Trubus.id–Seiring berjalannya waktu berbagai komoditas satwa pamornya kian mentereng. Budi daya burung walet misalnya. Majalah Trubus edisi Februari 2003 menopikkan budi daya walet kali pertama.
Bahkan Majalah Trubus membuat satu artikel khusus walet di rubrik Satwa pada setiap edisi. Berbagai inovasi dan teknologi serta tren budi daya walet tersaji pada artikel seri walet itu.
Hingga kini budi daya walet terus berkembang dan menjadi salah satu sumber pendapatan masyarakat. Walet bukan komoditas satu-satunya yang trennya makin berkembang.
Beberapa komoditas yang pamornya makin mentereng setelah dimuat Trubus yakni ikan louhan dan ayam serama. Siapa yang tak kenal ikan louhan dengan tonjolan besar di kepala dan motif unik di tubuh?
Saat itu pada 2003 banyak orang dari berbagai kalangan memelihara ikan asal Malaysia itu. Banyak kontes digelar dan ada louhan yang berharga mencapai ratusan juta rupiah. Kini tren louhan masih terjaga. Kontes juga masih rutin dilakukan setiap bulan.

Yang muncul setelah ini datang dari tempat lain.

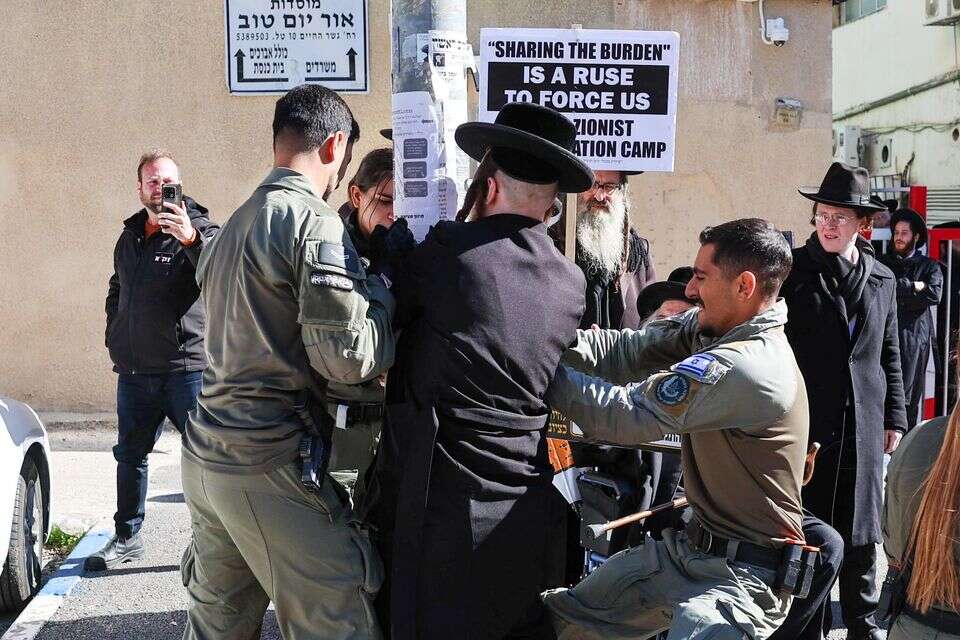 A breakthrough - or a move to waste time? The law on the exemption from re-conscription to the Foreign Affairs and Security Committee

Majalah Trubus menopikkan tren louhan beberapa kali. Ikan hias lain yang memiliki tren baik yakni arwana.
Informasi seputar arwana Indonesia yang menguasai pasar global tersaji pada Majalah Trubus edisi Oktober 2002. Tren ayam serama pun menyebar ke berbagai lapisan masyarakat.
Ayam mungil itu sebelumnya sohor di Malaysia lalu berlanjut di tanah air. Selain louhan dan serama, tren lobster air tawar pun cukup ramai.
Majalah Trubus menopikkan lobster air tawar pada edisi April 2003 dan Februari 2006. Pembudidaya yang belum banyak dan permintaan yang tinggi mendorong munculnya tren budi daya lobster air tawar saat itu.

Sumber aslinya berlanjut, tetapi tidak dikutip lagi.